Solitary Confinement of Immigrant Detainees
By: Maureen Johnson*
Solitary confinement is one of the most severe punishments that can be levied against a prisoner or detainee. Yet “any given day,” according to a recent article in the New York Times, approximately 300 immigrants are held in solitary confinement at Immigration and Customs Enforcement (ICE) detention centers across the country. Of those held in solitary, the Times continues, “Nearly half are isolated for 15 days or more, the point at which psychiatric experts say they are at risk for severe mental harm, with about 35 detainees kept for more than 75 days.” (Emphasis added.) While the conditions of confinement vary, detainees facing solitary confinement have reported to being locked up alone for 22-23 hours a day, in windowless 6-foot-by-13-foot cells. The reasons given for detainees’ isolation range from a belief that they pose a threat to other detainees, to minor “disciplinary infractions,” to protection from potential violence by other inmates.
Based on oral accounts from prisoners, it seems that in many cases the practice of solitary confinement is unwarranted, excessive, and may amount to torture. Because of the lack of a independent, transparent monitoring system for the detention of immigrants, there are serious questions regarding accountability for detainee abuse. The reported effects of solitary confinement include: post-traumatic stress disorder, paranoia, depression, difficulty sleeping, and nightmares. In addition, according to the Times, detainees in solitary often suffer mental breakdowns that can include self-mutilation and even suicide as a result of prisoners’ deprivation of meaningful human contacts with others.
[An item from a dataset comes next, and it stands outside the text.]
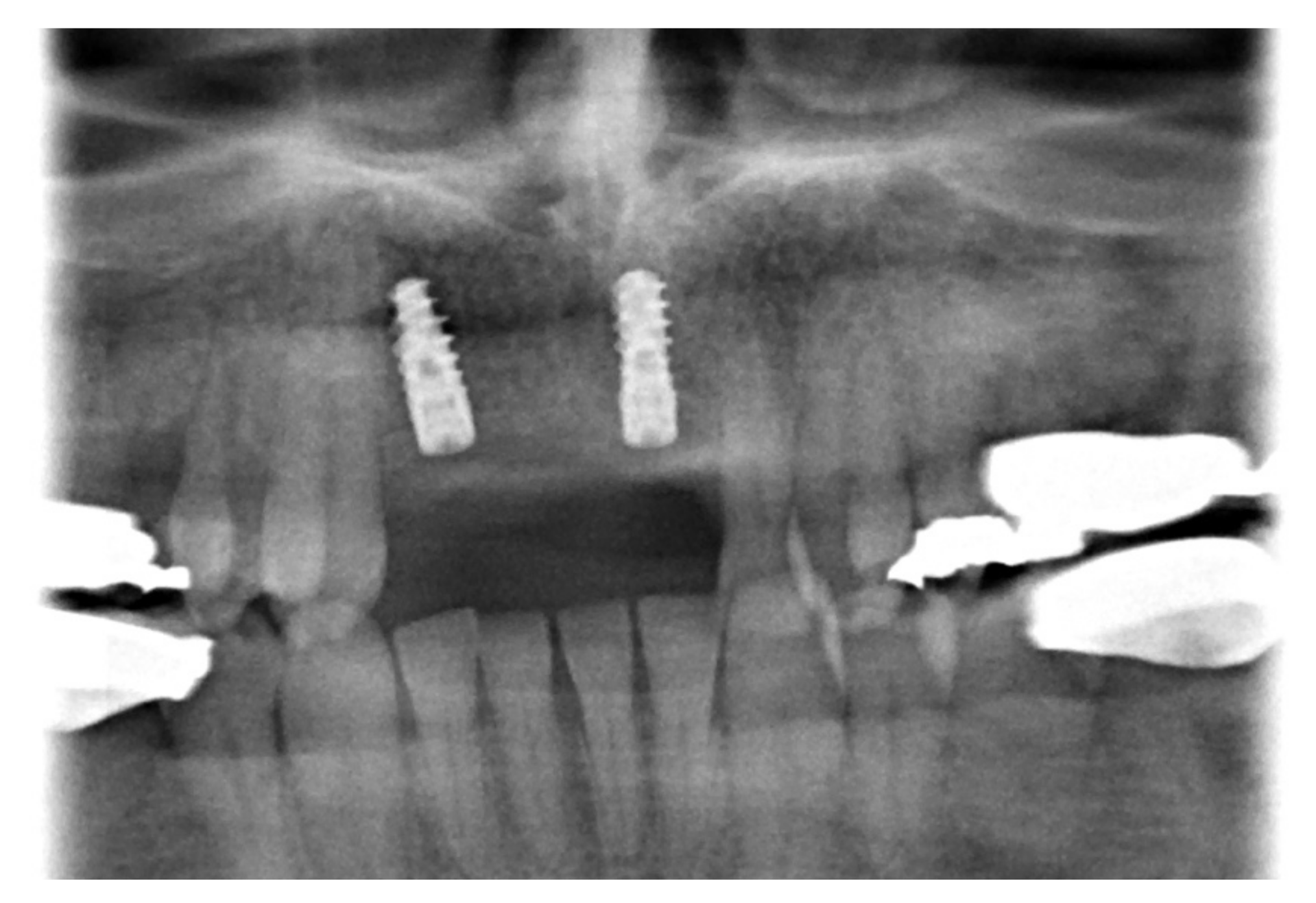 Medicina 57 00965 g005 550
Such conditions are likely to be especially traumatic for immigrants, especially victims of human trafficking and detainee asylum-seekers who have already suffered or fear future torture from authorities in their countries of origin. The immigrant population is in many ways the most vulnerable to abuse, especially because they often have family members who are illegal and afraid to complain or seek assistance. Moreover, unlike criminal detainees, immigrants do not have a right to free legal counsel, and many detainees cannot afford legal assistance.
According to a September 2012 report by the National Immigrant Justice Center (NIJC) and Physicians for Human Rights (PHR), part of the problem with respect to immigrant detainees stems from the fact that, “Most immigration detention centers are not dedicated facilities, meaning they hold both immigrants and criminally sentenced individuals,” leading detention center officials to rely on “local correctional policies” regardless of whether a detainee is considered dangerous or has been accused of any crime. Describing the use of solitary confinement as “often arbitrarily applied, significantly overused, harmful to detainees’ health, and inadequately monitored,” the NIJC and PHR report note that detainees frequently have little to no access to legal counsel or their families and often do not speak English, leaving them few if any means by which to appeal their treatment.
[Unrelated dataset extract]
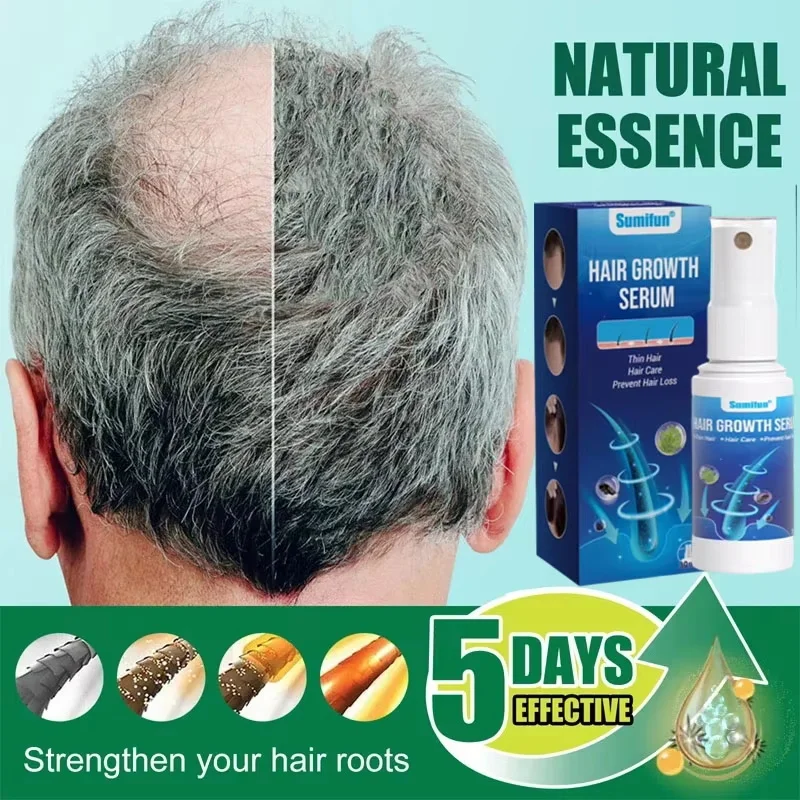 Fast Hair Growth Spray Promote Rapid Hair Growth Hairs Loss Treatment Dense Hair Essence Scalp Loss Repair Nourishing Hairs Care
Because many immigrant detainees are being held under administrative and not criminal justifications, it is reasonable to question the need for many immigrant detainees to be held in detention centers at all. Because such immigrants are being held under civil and not criminal charges, they are not supposed to be punished, yet they languish in prisons for indefinite amounts of time, isolated from family members or legal counsel. The “supervised” release of hundreds of “low-risk” immigrant detainees due to budget cutbacks resulting from the federal sequester, for example, has raised the question in some quarters of whether those individuals’ detentions were necessary or justified to begin with. In this context, the widespread use of detention is itself frequently unnecessary, inhumane, and expensive, especially because of the availability of other reliable, affordable, and compassionate alternatives. Key recommendations of the NIJC-PHR report, for example, include a call on Congress to prohibit solitary confinement of immigrant detainees as well as “end” or strictly curtail “mandatory detention laws.”
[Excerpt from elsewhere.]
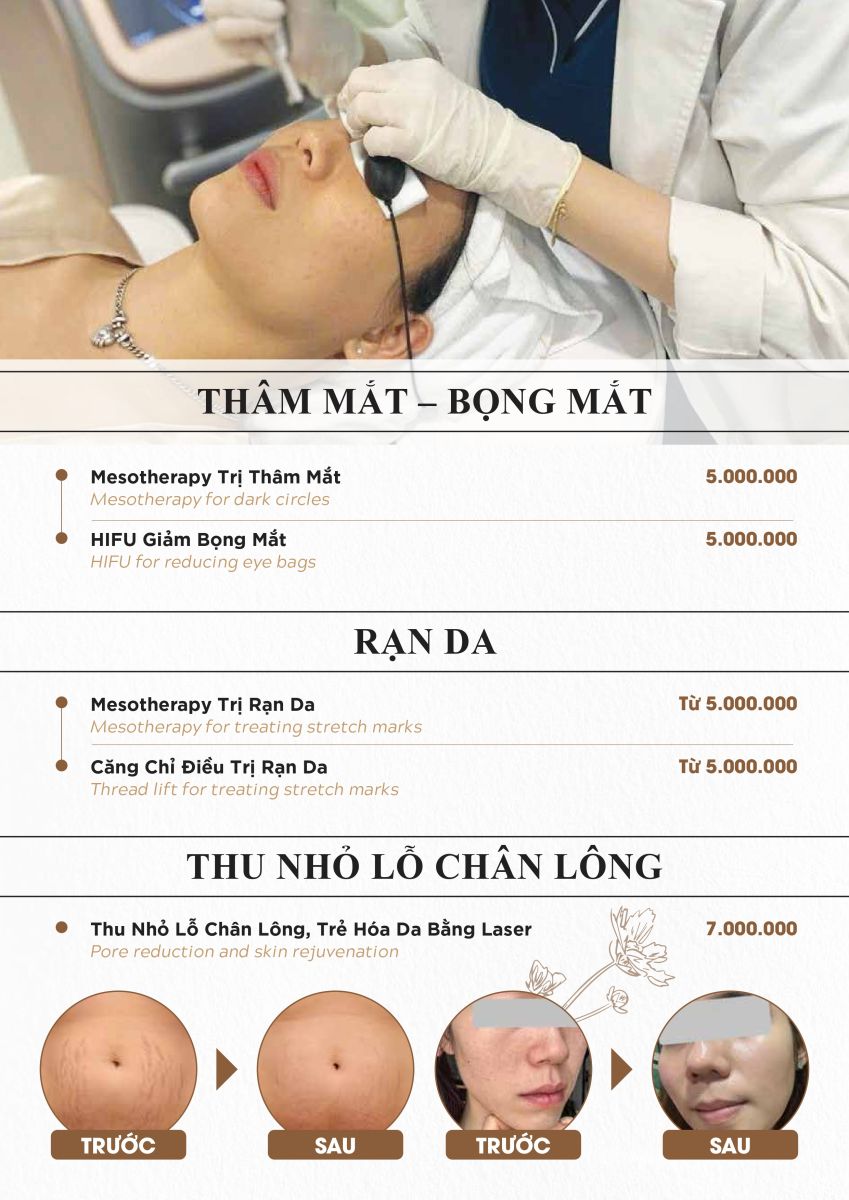 Bảng giá dịch vụ điều trị rạn da tại Dr4you.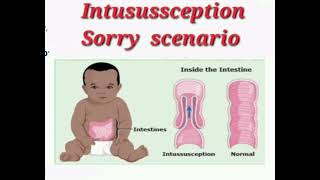 Gastroenteritis pt later Intusussception mrcpch Communication [upl. by Anialeh797]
As the Obama administration has increased enforcement, the immigration detention population has swelled; it has increased by nearly 85 percent since 2005. Once detained, there is no set date of release and detainees are transferred across state lines, often leaving family members without access to their loved ones.
Encouragingly, the renewed focus on solitary confinement has drawn the attention of Homeland Secretary Janet Napolitano, who affirmed earlier this week that “solitary confinement should be the exception, not the rule” and stated that she planned to undertake a review of the process. As of today, it remains unclear when such a review will take place or when any changes will be made in the existing scheme of solitary confinement and detention of immigrants. While Congress has legitimate goals of increasing enforcement of its immigration laws, such prioritizes should no longer curtail the rights of illegal immigrants facing detention.